Stellungnahme der KLB Passau zur Zukunft der Landwirtschaft (20.2.2016)
Als christliche Gruppierung setzen wir uns ein für soziale, ökonomische und ökologische Gerechtigkeit, bei uns und weltweit. Papst Franziskus weist in seiner Enzyklika „Laudato si“ darauf hin, dass die negativen Auswirkungen der gängigen Wachstumsideologie unsere Erde, unser „gemeinsames Haus“, wie es der Papst formuliert, gefährden. Der Landwirtschaft kommt eine wichtige Rolle und Verantwortung im Hinblick auf die Ernährung der Menschen und den Erhalt der natürlichen Lebensgrundlagen zu. Wir wollen mit diesem Papier zu einem offenen und konstruktiven Gespräch über eine zukunftsfähige Landwirtschaft einladen und erkennen alle Bemühungen an, die diesem Ziel dienen.
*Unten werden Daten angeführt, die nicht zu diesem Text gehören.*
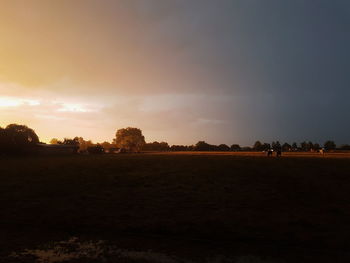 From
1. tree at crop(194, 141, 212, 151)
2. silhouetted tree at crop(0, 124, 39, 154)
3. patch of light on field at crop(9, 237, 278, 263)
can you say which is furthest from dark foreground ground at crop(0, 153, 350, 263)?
tree at crop(194, 141, 212, 151)

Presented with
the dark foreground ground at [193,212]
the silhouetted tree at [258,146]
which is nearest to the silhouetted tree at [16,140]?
the dark foreground ground at [193,212]

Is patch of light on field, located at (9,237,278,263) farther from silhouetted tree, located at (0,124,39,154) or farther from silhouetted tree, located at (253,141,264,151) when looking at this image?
silhouetted tree, located at (253,141,264,151)

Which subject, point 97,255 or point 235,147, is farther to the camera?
point 235,147

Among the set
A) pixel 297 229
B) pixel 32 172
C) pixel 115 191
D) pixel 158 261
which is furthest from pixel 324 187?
pixel 32 172

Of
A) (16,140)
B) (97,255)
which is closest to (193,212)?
(97,255)

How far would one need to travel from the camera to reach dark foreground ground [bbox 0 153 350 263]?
1861 centimetres

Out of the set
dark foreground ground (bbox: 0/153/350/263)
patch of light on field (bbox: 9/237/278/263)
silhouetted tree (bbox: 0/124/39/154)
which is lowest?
patch of light on field (bbox: 9/237/278/263)

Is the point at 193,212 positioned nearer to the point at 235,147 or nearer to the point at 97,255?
the point at 97,255

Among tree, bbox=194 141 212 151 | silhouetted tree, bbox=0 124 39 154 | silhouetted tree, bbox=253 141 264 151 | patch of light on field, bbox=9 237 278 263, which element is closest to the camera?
patch of light on field, bbox=9 237 278 263

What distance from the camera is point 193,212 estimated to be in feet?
82.7

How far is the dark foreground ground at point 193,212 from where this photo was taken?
18609 millimetres

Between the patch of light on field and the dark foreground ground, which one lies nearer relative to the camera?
the patch of light on field

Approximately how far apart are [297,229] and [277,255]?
14.2 feet

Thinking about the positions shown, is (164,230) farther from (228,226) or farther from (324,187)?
(324,187) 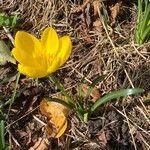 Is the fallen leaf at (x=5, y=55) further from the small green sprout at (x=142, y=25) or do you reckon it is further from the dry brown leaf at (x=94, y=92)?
the small green sprout at (x=142, y=25)

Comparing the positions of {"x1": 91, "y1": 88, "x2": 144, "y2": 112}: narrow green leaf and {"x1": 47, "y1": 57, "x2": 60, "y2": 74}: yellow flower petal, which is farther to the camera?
{"x1": 91, "y1": 88, "x2": 144, "y2": 112}: narrow green leaf

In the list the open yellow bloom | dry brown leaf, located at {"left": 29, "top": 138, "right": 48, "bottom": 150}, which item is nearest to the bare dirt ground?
dry brown leaf, located at {"left": 29, "top": 138, "right": 48, "bottom": 150}

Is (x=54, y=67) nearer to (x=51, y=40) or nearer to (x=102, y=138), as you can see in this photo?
(x=51, y=40)

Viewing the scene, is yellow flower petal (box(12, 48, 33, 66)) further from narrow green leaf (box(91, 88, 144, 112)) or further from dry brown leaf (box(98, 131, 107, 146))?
dry brown leaf (box(98, 131, 107, 146))

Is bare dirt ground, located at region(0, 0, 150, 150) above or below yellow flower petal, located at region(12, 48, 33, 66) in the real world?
below

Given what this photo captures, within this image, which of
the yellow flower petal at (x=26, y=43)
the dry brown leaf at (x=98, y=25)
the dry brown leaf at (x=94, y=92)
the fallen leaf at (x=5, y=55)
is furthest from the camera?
the dry brown leaf at (x=98, y=25)

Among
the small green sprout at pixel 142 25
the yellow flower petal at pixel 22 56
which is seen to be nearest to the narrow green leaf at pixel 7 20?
the yellow flower petal at pixel 22 56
Unsere Sicht auf die Situation der Landwirtschaft
- Hohe Intensität
- Hoher Einsatz von externen Betriebsmitteln (z.B. Sojaimporte in die BRD, die ca. 2,5 Mio ha LN in Übersee beanspruchen)
- Stark schwankende Preise
- Die Strategie „produzieren für den Weltmarkt“ ist für die Teilnehmer äußerst riskant.
- Aktuell gibt es wieder den Ruf nach dem Staat; kurz vorher wurde der Wegfall der Marktbeschränkungen gut geheißen (Beispiel: Milchkontingentierung).
- Einsatz problematischer „Hilfsstoffe“ (z. B. hoher Einsatz von Antibiotika in derTierhaltung, Glyphosat, …)
- Teile der Landwirtschaft sind von der Agrarchemie abhängig.
- Der Prozess des „Wachsens und Weichens“ schreitet weiter voran.
- Landwirtschaft steht aus verschiedenen Richtungen unter Kritik (z. B. bestimmte Haltungs-formen von Nutztieren).
- Was uns Sorge macht
- Der Artenverlust
- Der N‑Überschuss ( durchschnittlich 100 kg/ha*; mit entsprechenden Auswirkungen auf Fließwasser Grundwasser und Atmosphäre)
- Die physische und psychische Belastung in vielen sogenannten „Zukunftsbetrieben“.
- Veränderungen der Kulturlandschaft (Grünlandumbruch, einseitige Fruchtfolgen…)
- Teilweise extreme Zuchtziele bei Nutztieren und Nutzpflanzen.
- Die Gefährdung der Fruchtbarkeit der Böden (Erosion; Bodenverdichtung, …)
- Eine hohe Treibhausgasbelastung (gesamt ca.130 Mio t CO2-Äquivalent** d. h. ca. = 13% der Gesamtbelastung in der BRD stammt aus der Landbewirtschaftung).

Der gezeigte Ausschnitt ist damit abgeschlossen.